March 4 , Thursday, 7:30PM
Film as a Subversive Art III:
Left and Revolutionary Cinema: Third World

Round three of films from the book "Film as a Subversive Art" written in 1974 by Amos Vogel, the founder of the Cinema 16 in New York, New York Film Festival and Lincoln Center Film Department. The program features

The Hour of the Blast Furnaces (LA HORA DE LOS HORNOS) (Part I: "Neo-Colonialism and Violence")
by Fernando Solanas and Octavio Getino
, 95min, 1967, Argentina

"The masterpiece of the subversive art - a shattering indictment of American imperialism in South America -- is a brilliant tour de force of tumultuous images, sophisticated montage, and sledgehammer titles, fused into a passionate onslaught of radical provocation to olt the spectator to a new level of consciousness". - Amos Vogel

"The inaugural film of our series `Nations, Pollinations, and Dislocations,' The Hour of the Furnaces is by far the most influential film ever to come out of Latin America.
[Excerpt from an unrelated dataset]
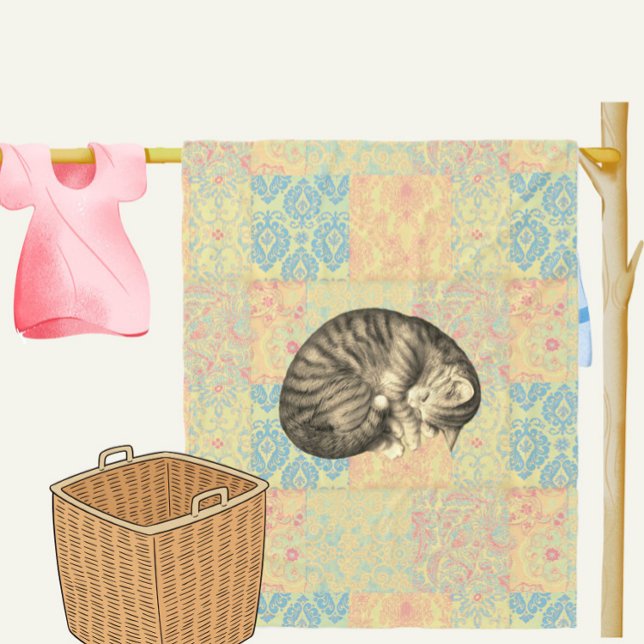 Couverture Polaire Cat curled up sleeping on quilt cute cozy (Créateur téléchargé)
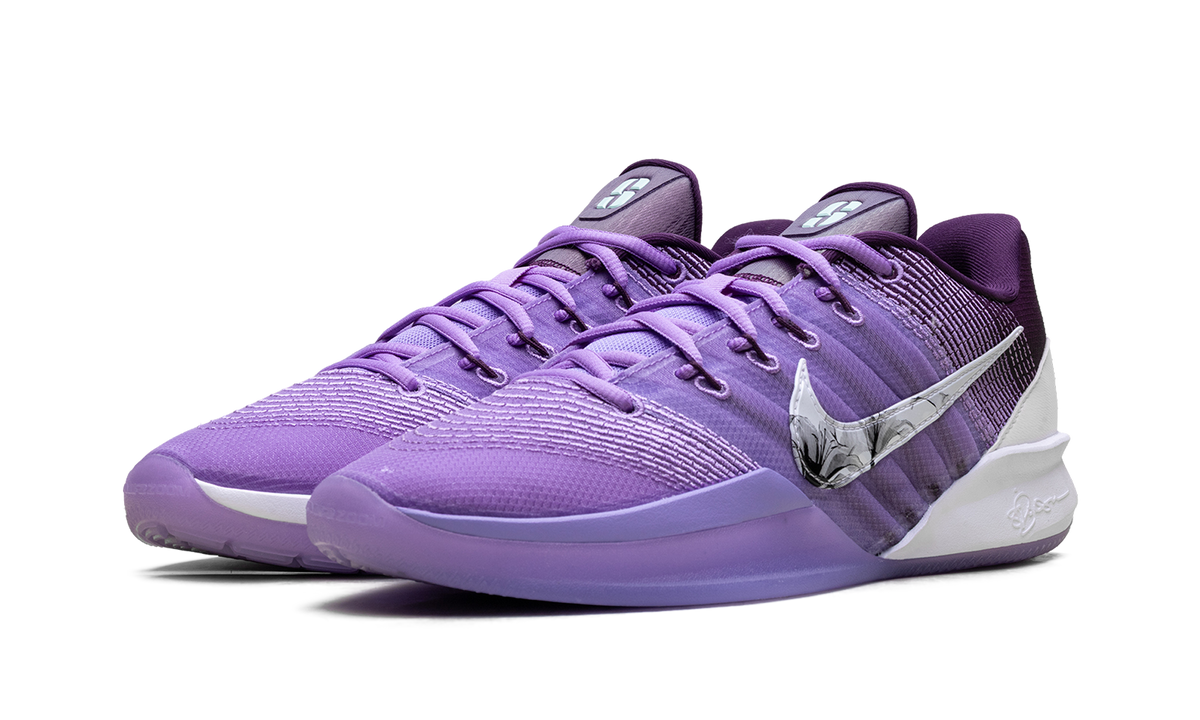 Overkicks - Nike Sabrina 3 Night Purple (Womens) (IQ5082-501 / IQ5084-501) - vista trasera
First released in 1968, it came to represent one of the most articulate voices of the western world's first supra-national revolution: the radical student, worker and civil rights movements in Europe and the Americas which were then spilling over local and national borders with lighting speed. The Hour of the Furnaces defined itself as the first embodiment of a `Third Cinema' - a radical cinema in which group production and the politics of distribution and presentation [the film was designed to be stopped and discussed as it was being projected] took precedence over `mere' aesthetic concerns; it would have a strong impact on avant-garde filmmaking throughout Europe, the U.S, and Canada. If, thirty years later, it bears witness to a bygone era of utopian radicalism, it remains a central cinematic example of the marriage of aesthetics and politics at the core of avant garde art" (Elena Feder). Part I, "Neo-Colonialism and Violence," is a radical history of Argentina. Part II, "An Act for Liberation," traces the 1945-1955 reign of Juan Peron and the activities of Peronist movement after his fall from power. Part III, "Violence and Liberation," considers the role and meaning of violence in political struggle. "[A] masterpiece . . . a dazzling array of newsreel material, extracts from films by Fernando Birri, Léon Hirszman, Joris Ivens and Humberto Rios, interviews, songs poems and new material . . . . This devastating film, made clandestinely, ends with a two-minute close-up of the face of dead Che Guevara" (Bloomsbury) - http://www.cinematheque.bc.ca/archives/Nati.html

The film is introduced by Juan Mandelbaum who is a an Argenitnian filmmaker currently living in the US and a friend of Fernando Solanas. Juan made a documentary on the role of the artist in Latin America that features Solanas among others. The evening will begin with the excerpt from this documentary.